Dan Greenburg with TigerDan Greenburg is the creator of the enormously popular Zack Files series of middle grade novels as well as the author of a number of bestselling adult books, the most well-known of which is How to Be a Jewish Mother. He lives in New York.

Nobody wants to adopt the Shluffmuffin twins. Wally's feet stink something awful, and Cheyenne is allergic to everything. Then why are the Mandible sisters so eager to take them home? And what sort of old maids would choose to live in a place called Dripping Fang Forest, where zombies wander the woods singing "Itsy Bitsy Spider" and ten-foot-long glowing slugs want to suck the feet right off your ankles?

Would it seem ungrateful of Wally to point out the Mandible sisters' extra arms? Or to question their all-chocolate, all-the-time menu? Or, um, to venture into the cellar, where the twins have been told to NEVER, EVER, EVER go?

Yeah, perhaps that last bit was a mistake. Now there's nothing left for the Shluffmuffins to do but run—run for their lives!
Interview with Dan Greenburg

Q: What inspired you to write the Secrets of Dripping Fang series?
A: I've always been fascinated by creepy places and by familiar things that change ever so slightly and become dreadful. I thought it would be interesting to put two plucky ten-year-old orphans, Wally and Cheyenne Shluffmuffin, in an ominous place like the Dripping Fang Forest, fill it with monsters—like a ten-foot-long slug that considers orphans' feet a delicacy, or a kindly professor who's married to an enormous spider who serves tea and gingersnaps, or a zombie who drags himself through the woods, humming "Itsy Bitsy Spider"—and watch them get out of one awful situation after another. I love making people chuckle and shiver at the same time.

Q: Why did you set Secrets of Dripping Fang in Cincinnati, Ohio?
A: Cincinnati is a city of mystery. It may not sound like a scary place, but there's a lot in the area that's ominous. Not far from Cincinnati is Wright-Patterson Air Force Base. After the UFO crash of 1947 in Roswell, New Mexico, the little alien bodies found inside the UFOs were secretly flown to Wright-Patterson Air Force Base and stored in Hangar 18. The air force has always denied that there were little alien bodies stored in Hangar 18, or even that there is a Hangar 18. In the woods near Cincinnati there are frequent sightings of a creature known as the Moth Man. The Moth Man has been described as a fellow about six feet tall with large glowing red eyes and the wings of a common clothes moth. He chases people through the woods, shrieking, flapping his enormous powdered wings, and trying to nibble their clothing.
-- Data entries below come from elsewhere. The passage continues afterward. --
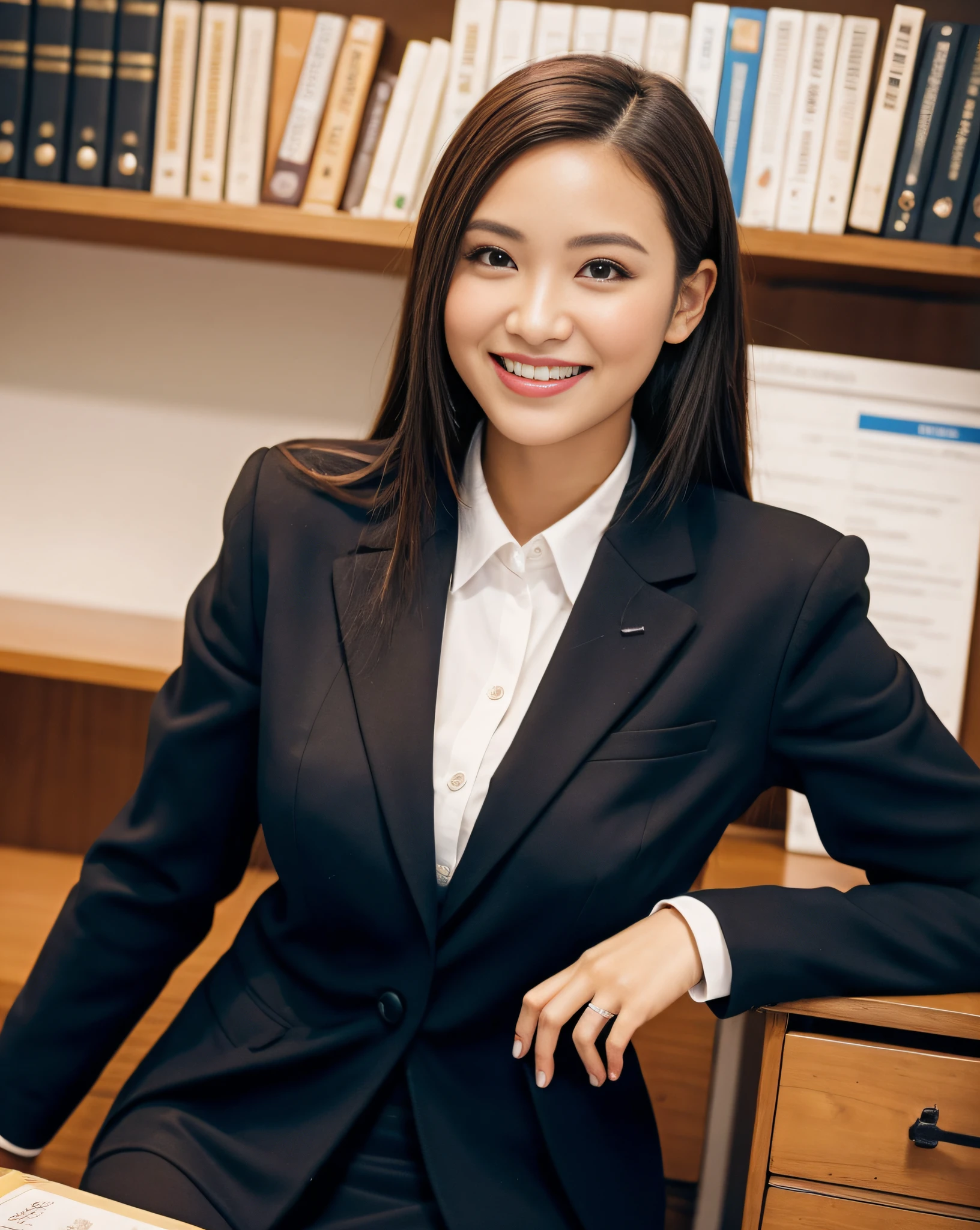 close up of 1 female, 35mm masterpiece, black suit, smile, mini skirt, on the desk in office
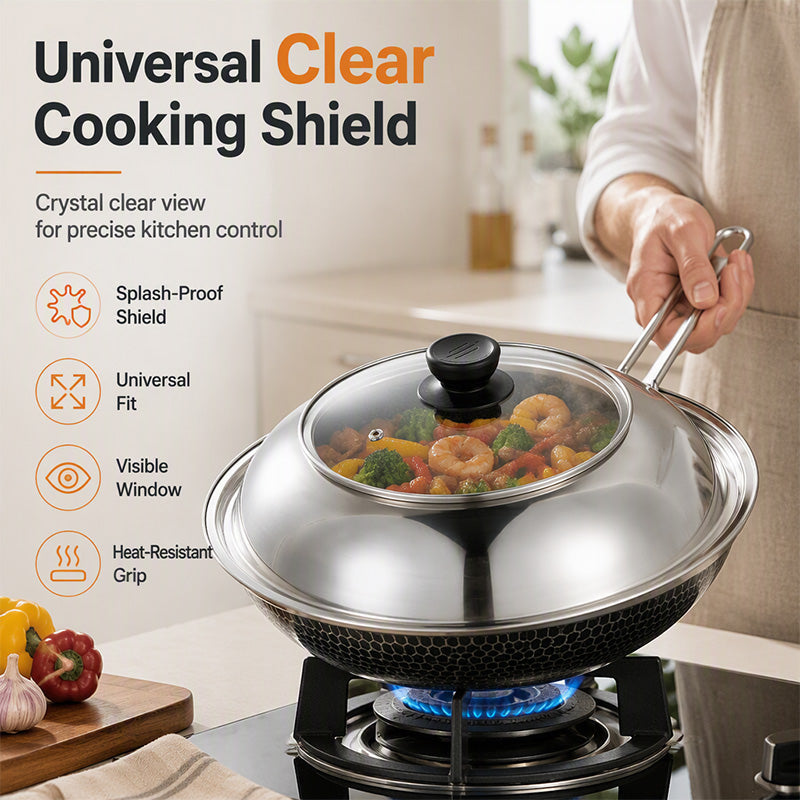 Splash Guard Pot Lid with Glass Window Stainless Steel
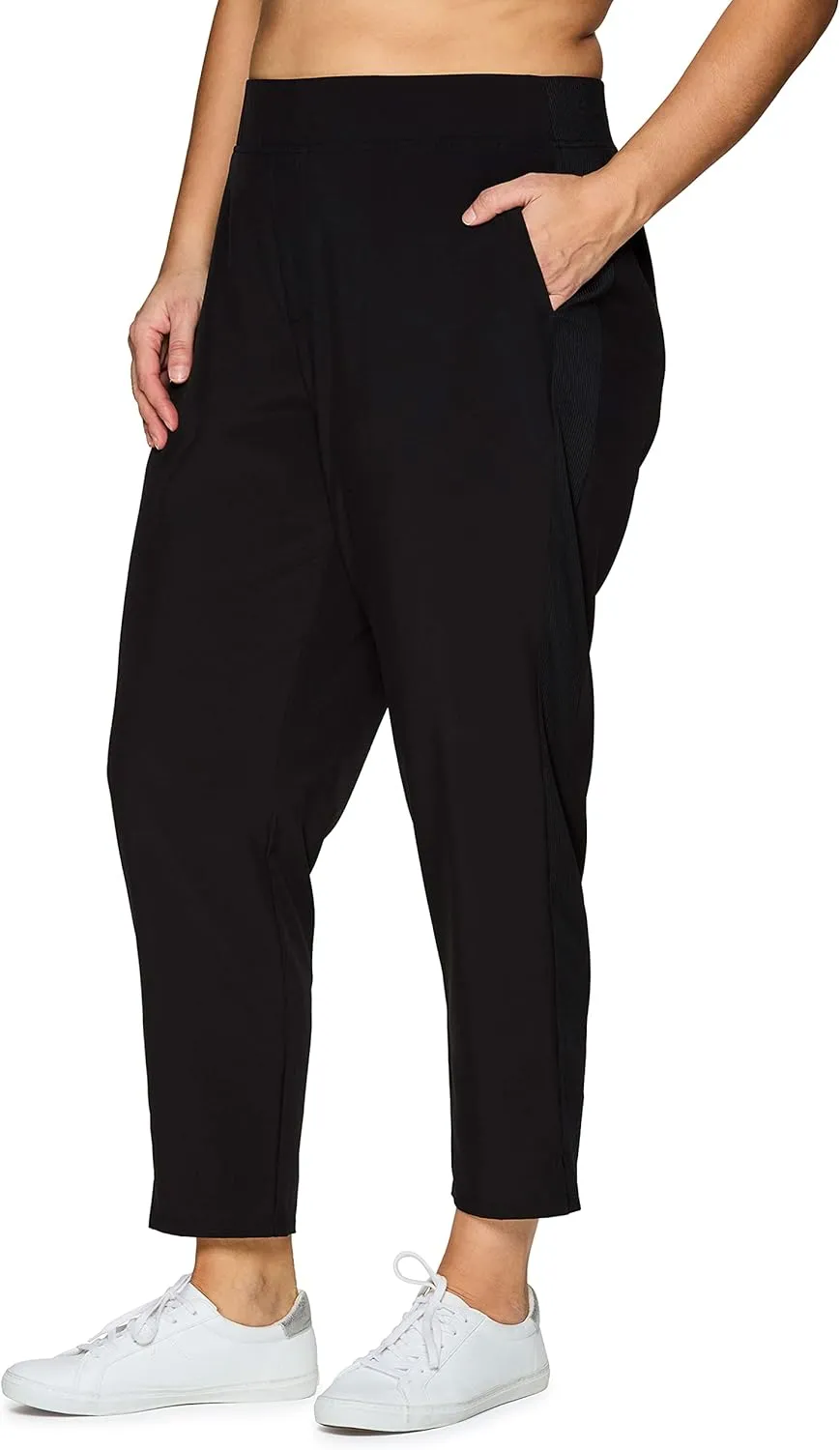 RBX Women's Plus Size Ankle Pant with Pockets Lightweight Quick Drying Woven Weekend Pants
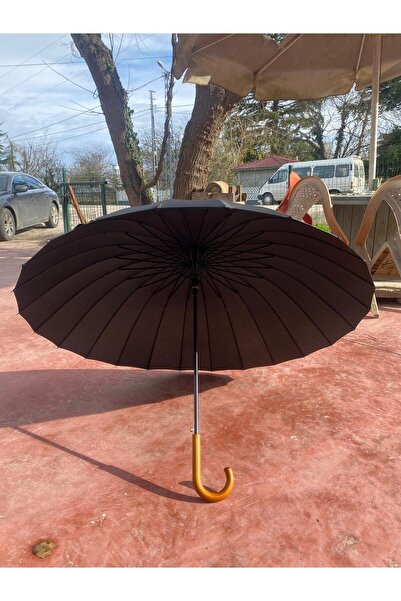 Toptancı Amca 24 Telli Gerçek Baston Şemsiye | 100 cm Geniş Çap | Ahşap Sap |...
Q: How does this series appeal to reluctant readers?
A: I used lots of dialogue. I created some really horrid monsters. I built a good deal of suspense and gave my chapters cliff-hanger endings. Reluctant readers seem to like dialogue, horrid monsters, suspense, and cliff-hanger endings. I also used lots of humor, some of it gross enough to intrigue even the most reluctant readers, who are usually boys.

Q: Secrets of Dripping Fang, Book Two: Treachery and Betrayal at Jolly Days will be available in January 2006. Can you give readers a hint of what they can expect next from the Shluffmuffin twins?
A: In book two, Cheyenne and Wally flee the murderous Dagmar and Hedy Mandible and their creepy home in Dripping Fang Forest and find sanctuary back at the Jolly Days Orphanage, but the murderous Mandible sisters pursue them. Our heroes try to lose their pursuers in the swamps while steering clear of alligators, quicksand, zombies, and other horrors. When their food gives out, Cheyenne and Wally have an awful choice: either begin eating worms and bugs or die. And that’s just the first third of the book.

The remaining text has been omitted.